A second dog is claimed to have died after appearing at Crufts.
Unconfirmed reports identify the dog as a Shih Tzu. The Daily Telegraph had earlier written that a Shih Tzu had been taken ill after the show, along with a West Highland Terrier and an Afghan Hound.
The Kennel Club, the organiser of Crufts, said it was aware of the claims a second dog had died but stressed the news was unverified as of Tuesday afternoon.
The second dog is reported to be a Shih Tzu (file picture)
A Kennel Club spokesman told Huffington Post UK: “The Kennel Club has received no details about the Shi Tzu who has allegedly died and whose identity remains unknown and we can confirm that no Shi Tzus were seen by the show vet at Crufts.
"We cannot look into claims about which we have no direct information, which is why it is essential that people come forward with any concerns.”
The reports come after three-year-old Irish setter Thendara Satisfaction, known as Jagger, collapsed and died after returning to Belgium from the show at Birmingham’s NEC.
Jagger died after returning from the Birmingham show
The results of toxicological tests on Jagger are expected next week.
Jagger's joint owners, Ms Lauwers and Dee Milligan-Bott, of Kilby near Wigston in Leicestershire, claim beef laced with unknown poisons was found during a post-mortem examination on the dog.
Meanwhile, the Kennel Club has confirmed it is looking into reports that several other dogs were left sick after the show.
However a spokeswoman for the club, which organises Crufts, stressed that no formal investigation has been launched because they have not got any direct information to act upon.
She said: "The facts surrounding Jagger's sad death are still being established. With regards to speculation about any other incidents involving other dogs, we must stress that these are at this stage just rumours.
Jagger winning at another dog show
"There are any number of reasons why a dog may display symptoms such as sickness and, should a dog fall sick, there are vets at Crufts who will examine the dog in question and file a report."
She added: "As with any international competition, rumours of sabotage do occasionally surface. This of course is not in the spirit of competition and will not be tolerated.

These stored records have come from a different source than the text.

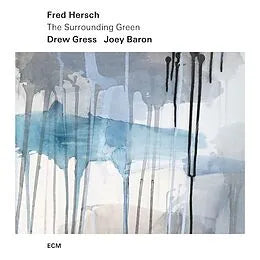 The Surrounding Green [LP] vinylsbase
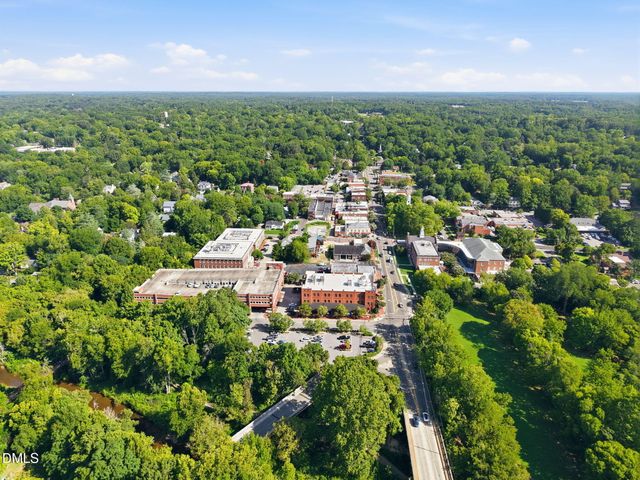 501 N Churton Street, Hillsborough, NC 27278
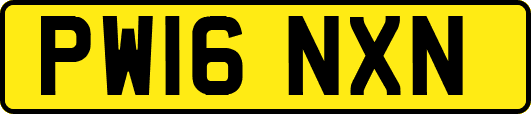 PW16NXN
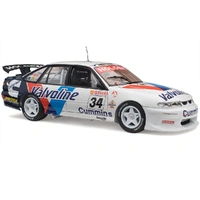 Classic Carlectables 1/18 Holden VS Commodore 1999 Calder Park Raceway Race 3 Winner Diecast Model Car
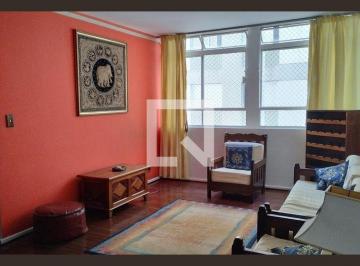 Apartamento · 107m² · 3 Quartos · 1 Vaga · Apartamento à Venda - Paraíso, 3 Quartos, 107 m2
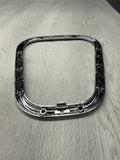 BMW OEM Z3 M Z3M Center Console Shifter Chrome Bezel Trim 51162491402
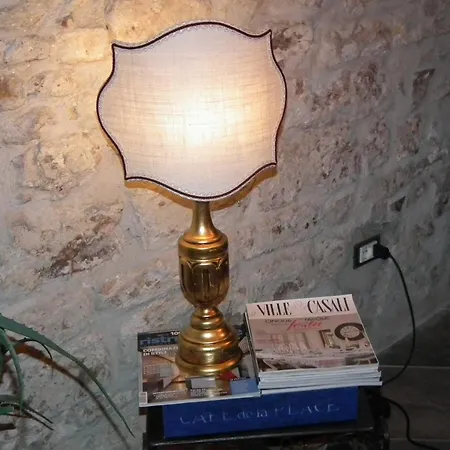 Brizi Assisi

"Anyone caught attempting to deliberately sabotage another competitor's performance, particularly if a dog's welfare is put at risk, will face severe disciplinary action, which could include a ban on competing at all Kennel Club-licensed events.
"Furthermore, anyone who puts a dog's welfare at risk could face prosecution under the Animal Welfare Act."
No vets have raised concerns about poisoning and there have been no official complaints from any other owners at Crufts, she added.
Mrs Milligan-Bott called Jagger's death "a heinous crime" but believes the attack was random rather than targeted.
Speaking yesterday alongside husband Jeremy Bott outside their home, the couple said they were grieving but vowed to return to the world-famous dog show next year.
Mr Bott said: "This one isolated incident will not spoil our enjoyment to show and compete with our lovely dogs." Jagger had come second in his class during competition on Thursday.
West Midlands Police said they have not received a complaint or been asked to investigate but they are liaising with Crufts officials and the NEC to secure potential evidence.